= Richard Shute =

British classicist and logician

Richard Shute (6 November 1849 – 22 September 1886) was a British classicist and logician.

Richard Shute was the only son of Richard Shute of Sydenham, Kent. He was educated at Eton College, and matriculated at Trinity Hall, Cambridge in 1868. However, he transferred to New Inn Hall, Oxford, where he matriculated in 1870, graduating B.A. in 1872. He was a senior student at Christ Church, Oxford from 1872 to 1886, and tutor from 1876 to 1882. He died of consumption at Oxford in 1886. At the time of his death he had been appointed professor of logic at Bombay.

Shute's Discourse on Truth (1877) was adapted into German by Goswin Karl Uphues.

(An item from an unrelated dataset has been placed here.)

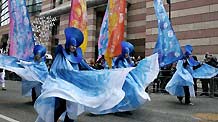 Costumed performers dance during the Lord Mayor's Show in the City of London, capital of Britain, Nov. 13, 2010.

Shute's Conington Prize essay on the Aristotelian writings was published posthumously: there Shute held that the surviving works were not written by Aristotle himself, but had been "filtered at least through other minds".

==Works==
- Essays on certain logical questions, Oxford, London: James Parker and Co., 1874.
- A Discourse on Truth, London, 1877.
- (ed.) Aristotle's Physics, book VII, a transcript of the Paris ms. 1859 collated with the Paris mss. 1861 and 2633 and a manuscript in the Bodleian library, Oxford: Clarendon Press, 1882.
- On the History of the Process by which the Aristotelian Writings arrived at their Present Form: with a Brief Mention of the Author, Oxford: Clarendon Press, 1888. (Conington Prize essay for 1882.)